= Adam Nolan =

Irish boxer (born 1987)

Adam Nolan (born 11 March 1987) is an Irish retired boxer from Enniscorthy, County Wexford who qualified for the 2012 Olympics.

==Boxing career==
Nolan is the second Wexford-born boxer to qualify for the Olympics, the first being his coach on the Irish team, Billy Walsh. Nolan was the fifth Irish boxer to qualify for the 2012 Olympics to compete at Welterweight. He is a club mate at Bray Boxing Club with five-time World Champion and Olympic Gold Medalist Katie Taylor. Bray was the only boxing club in the world who qualified two boxers to London 2012, and is the only boxing club in history to have a male and a female boxer feature in the Olympic games.

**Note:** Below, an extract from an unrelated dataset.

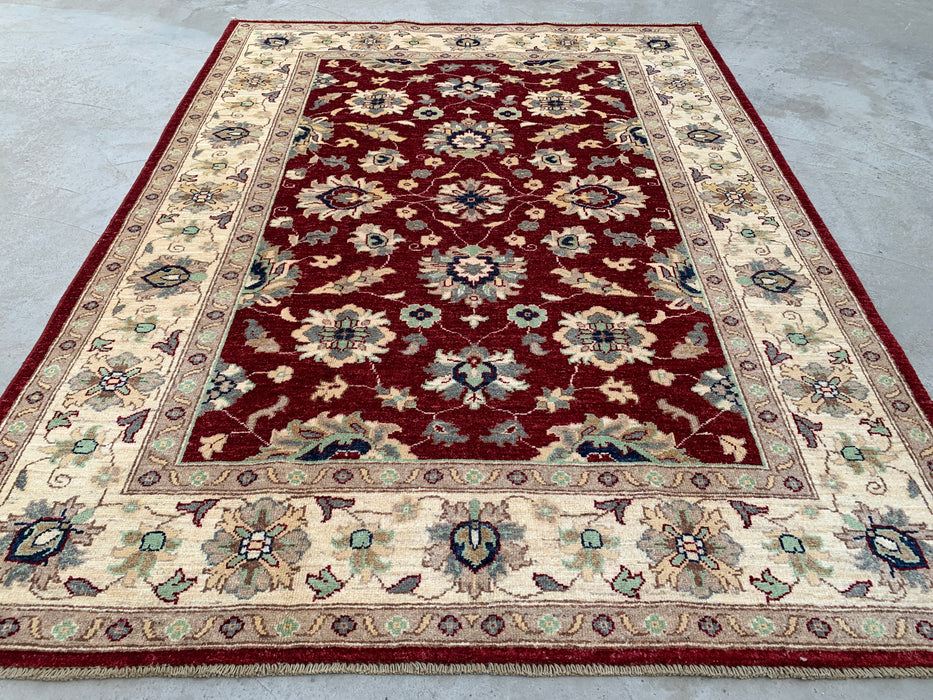6'8 x 5'0 Handgeknoopt Peshawari Chobi wollen tapijt - Rood traditioneel bloemenkleed - KBHM-604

Nolan finished in the top two at welterweight at the 2012 European Boxing Olympic Qualification Tournament which gained him qualification to the Olympics. He ultimately won the Qualification Tournament.

Nolan won his first match of the 2012 Olympics 14–8 against Ecuador's Carlos Sanchez but lost to Russia's Andrey Zamkovoy by nine points in the round of 16.

Nolan is a four-time Irish Elite Welterweight Champion, having won the titles in 2011, 2012, 2013 and 2015.

In March 2015, Nolan competed in the Gee Bee Multi Nations tournament in Finland. He won all three of his bouts to claim the gold medal for Ireland and the Boxer of the Tournament award. He is part of the Italia Thunder team in the WSB, and won his first 5-rounder versus Nicklaus Flaz.

==Hurling career==
He won the 2016 Wexford Senior Hurling Championship with Oulart–The Ballagh.